Records provided below:

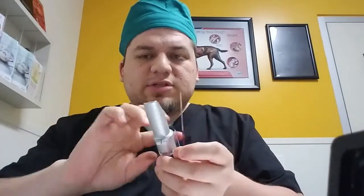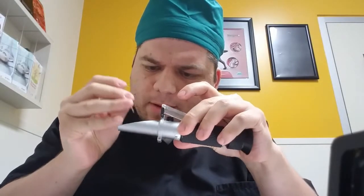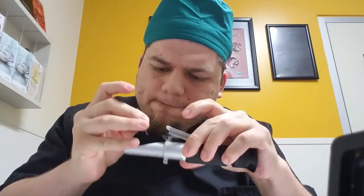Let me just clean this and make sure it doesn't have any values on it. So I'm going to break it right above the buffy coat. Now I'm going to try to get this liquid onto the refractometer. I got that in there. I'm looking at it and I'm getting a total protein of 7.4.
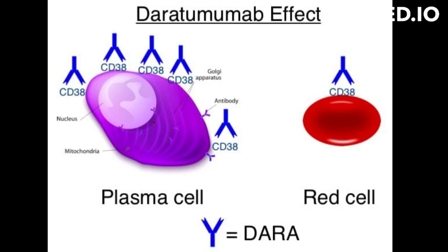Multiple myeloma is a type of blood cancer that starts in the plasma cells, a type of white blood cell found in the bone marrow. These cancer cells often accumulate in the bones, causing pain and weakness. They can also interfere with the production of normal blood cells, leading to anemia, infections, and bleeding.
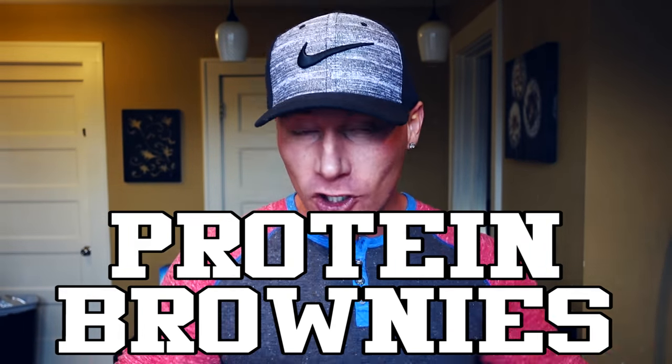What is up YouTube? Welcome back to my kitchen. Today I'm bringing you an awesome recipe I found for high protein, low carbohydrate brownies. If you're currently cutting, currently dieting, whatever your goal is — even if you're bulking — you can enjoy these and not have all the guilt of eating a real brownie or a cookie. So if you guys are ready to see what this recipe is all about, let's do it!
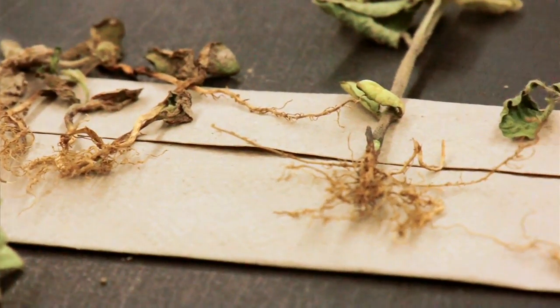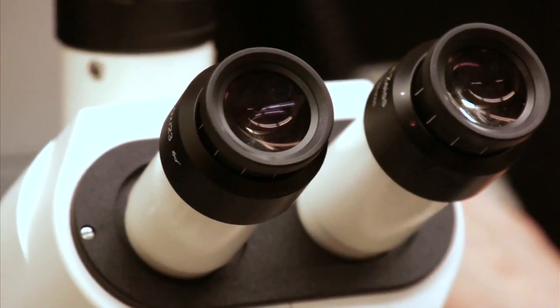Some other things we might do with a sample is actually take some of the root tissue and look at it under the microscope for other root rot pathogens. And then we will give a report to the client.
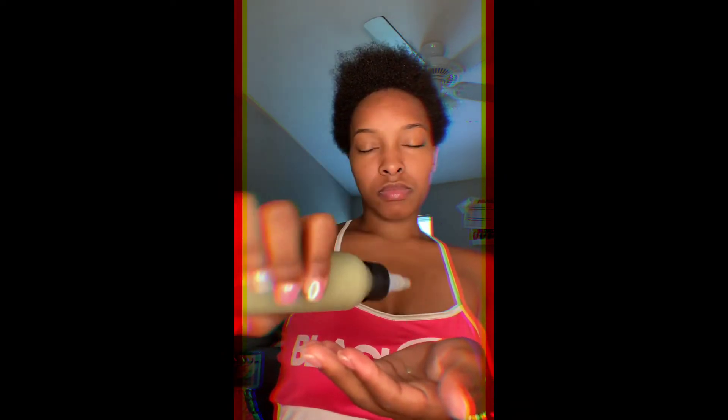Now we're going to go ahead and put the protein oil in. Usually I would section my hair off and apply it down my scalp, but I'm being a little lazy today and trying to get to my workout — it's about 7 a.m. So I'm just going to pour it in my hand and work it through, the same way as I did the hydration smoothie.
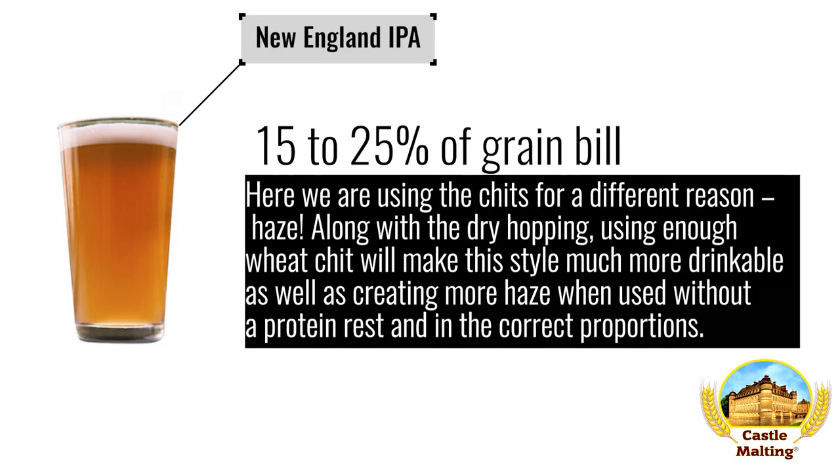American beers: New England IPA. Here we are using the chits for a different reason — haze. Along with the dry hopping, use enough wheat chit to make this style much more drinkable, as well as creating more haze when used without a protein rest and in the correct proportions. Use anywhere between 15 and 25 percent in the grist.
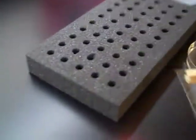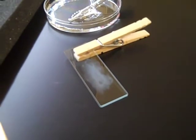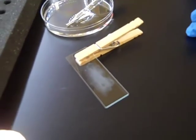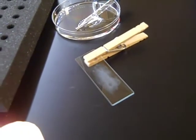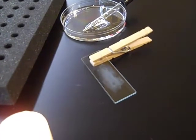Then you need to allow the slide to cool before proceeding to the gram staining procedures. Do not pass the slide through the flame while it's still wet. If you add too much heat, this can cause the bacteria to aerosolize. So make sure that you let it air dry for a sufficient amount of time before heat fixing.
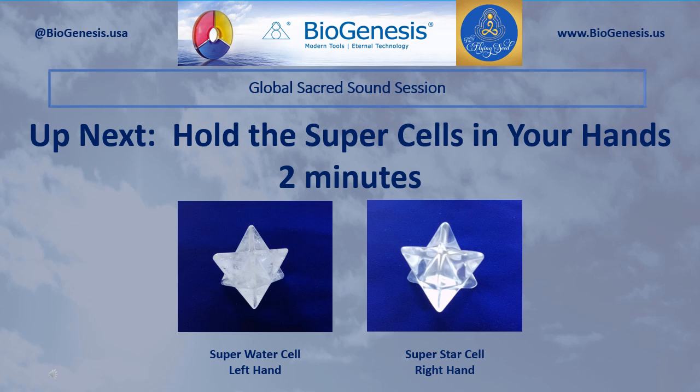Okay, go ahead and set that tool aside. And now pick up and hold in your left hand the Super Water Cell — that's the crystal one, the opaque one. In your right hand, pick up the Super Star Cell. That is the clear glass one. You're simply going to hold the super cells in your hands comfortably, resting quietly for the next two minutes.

End of Records provided.
Records provided below:

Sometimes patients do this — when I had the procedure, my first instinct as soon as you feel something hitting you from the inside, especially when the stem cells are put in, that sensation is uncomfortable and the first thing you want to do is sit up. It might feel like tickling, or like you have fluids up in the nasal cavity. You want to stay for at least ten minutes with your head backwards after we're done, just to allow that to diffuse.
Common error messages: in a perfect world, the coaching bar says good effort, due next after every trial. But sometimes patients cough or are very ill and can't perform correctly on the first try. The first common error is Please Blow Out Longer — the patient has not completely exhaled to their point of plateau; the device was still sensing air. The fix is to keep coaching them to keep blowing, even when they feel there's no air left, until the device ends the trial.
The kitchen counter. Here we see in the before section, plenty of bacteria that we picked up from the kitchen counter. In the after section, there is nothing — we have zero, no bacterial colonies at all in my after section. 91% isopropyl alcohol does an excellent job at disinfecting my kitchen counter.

End of Records provided.

◆ **Task goal**: Exactly the lines above, from the one containing "American beers: New" down to the one containing "Okay, go ahead", are to be repeated, including both ends. Pictures are not part of the copy.

◆ **Completed task**:
American beers: New England IPA. Here we are using the chits for a different reason — haze. Along with the dry hopping, use enough wheat chit to make this style much more drinkable, as well as creating more haze when used without a protein rest and in the correct proportions. Use anywhere between 15 and 25 percent in the grist.
Then you need to allow the slide to cool before proceeding to the gram staining procedures. Do not pass the slide through the flame while it's still wet. If you add too much heat, this can cause the bacteria to aerosolize. So make sure that you let it air dry for a sufficient amount of time before heat fixing.
Okay, go ahead and set that tool aside. And now pick up and hold in your left hand the Super Water Cell — that's the crystal one, the opaque one. In your right hand, pick up the Super Star Cell. That is the clear glass one. You're simply going to hold the super cells in your hands comfortably, resting quietly for the next two minutes.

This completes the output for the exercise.